Key Takeaways for Investors
FinScann Verdict
The Indian market in early 2026 presents a fascinating dichotomy. While the defence sector, exemplified by BEL and BDL, shines bright on the back of strategic national imperatives and global instability, the once-unassailable Indian IT sector, with Infosys and HCL Technologies at its forefront, is navigating a patch of turbulent waters. FinScann advises investors to leverage the robust growth potential in defence while adopting a selective and patient approach to the IT sector, focusing on quality and long-term value creation.
Q: How are Indian defence stocks performing amidst global tensions? A: Indian defence stocks, including BEL and BDL, are performing exceptionally well.

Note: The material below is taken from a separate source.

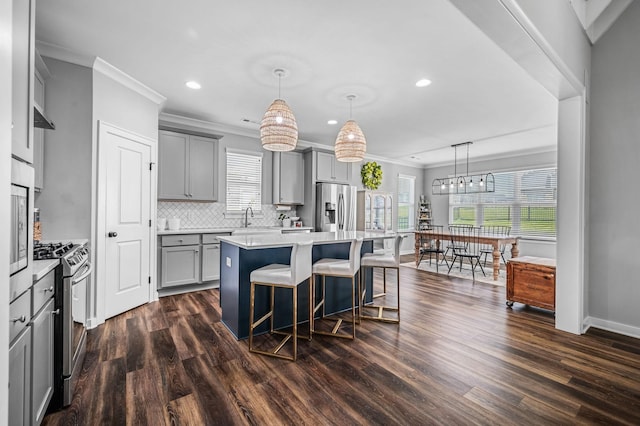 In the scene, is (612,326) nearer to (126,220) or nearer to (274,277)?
(274,277)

They are experiencing significant surges driven by escalating global geopolitical tensions, increased defence spending worldwide, and the Indian government's strong 'Atmanirbhar Bharat' initiative, which prioritizes indigenous defence manufacturing. Their robust order books and strong revenue visibility underscore this positive momentum.

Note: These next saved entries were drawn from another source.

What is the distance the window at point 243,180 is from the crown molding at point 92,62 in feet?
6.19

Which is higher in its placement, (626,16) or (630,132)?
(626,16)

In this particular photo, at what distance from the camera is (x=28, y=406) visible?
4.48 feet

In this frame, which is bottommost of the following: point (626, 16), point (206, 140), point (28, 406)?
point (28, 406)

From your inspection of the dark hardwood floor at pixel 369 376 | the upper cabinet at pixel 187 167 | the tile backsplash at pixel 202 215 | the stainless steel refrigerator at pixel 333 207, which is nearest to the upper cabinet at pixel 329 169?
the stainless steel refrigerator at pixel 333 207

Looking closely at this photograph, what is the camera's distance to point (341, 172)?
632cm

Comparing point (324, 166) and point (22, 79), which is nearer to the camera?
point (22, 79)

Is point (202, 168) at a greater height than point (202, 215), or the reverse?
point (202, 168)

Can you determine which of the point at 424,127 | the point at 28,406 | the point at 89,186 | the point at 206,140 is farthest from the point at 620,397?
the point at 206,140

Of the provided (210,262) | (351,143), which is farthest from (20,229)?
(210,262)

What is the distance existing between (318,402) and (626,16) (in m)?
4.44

Q: What are Citi's main concerns for Indian IT stocks like Infosys and HCL Tech? A: Citi's main concerns for Indian IT stocks like Infosys and HCL Technologies stem from global macroeconomic headwinds, including higher interest rates and inflation in key markets. This has led to reduced discretionary spending by corporate clients, longer decision cycles for new IT projects, and persistent pressure on operating margins due to wage inflation.
Q: Is it a good time to invest in defence stocks in India? A: Given the strong sectoral tailwinds from geopolitical developments and government support for indigenous manufacturing, defence stocks in India present a compelling long-term investment theme. However, FinScann advises investors to assess individual company fundamentals, order book execution, and valuations carefully to ensure sustainable returns.
Q: What is the outlook for the Indian IT sector in 2026? A: The outlook for the Indian IT sector in 2026 is challenging in the near term, marked by potential revenue growth moderation and margin pressures. However, the long-term structural growth drivers remain intact, driven by digital transformation, cloud adoption, and AI integration. Investors should anticipate continued volatility but also look for opportunities to invest in resilient companies with strong domain expertise and diversified client portfolios.
Q: How does the 'Atmanirbhar Bharat' initiative impact defence companies like BEL? A: The 'Atmanirbhar Bharat' (Self-Reliant India) initiative significantly impacts defence companies like BEL by prioritising domestic procurement and manufacturing of defence equipment. This policy directly translates into a substantial increase in order inflows, enhanced research and development capabilities, and a reduced reliance on foreign imports, thereby securing a strong and visible growth pipeline for Indian defence PSUs.
Disclaimer: For information only; not investment advice. Stock market investments carry risks. Please consult a SEBI-registered advisor before investing. FinScann assumes no liability for decisions made based on this report.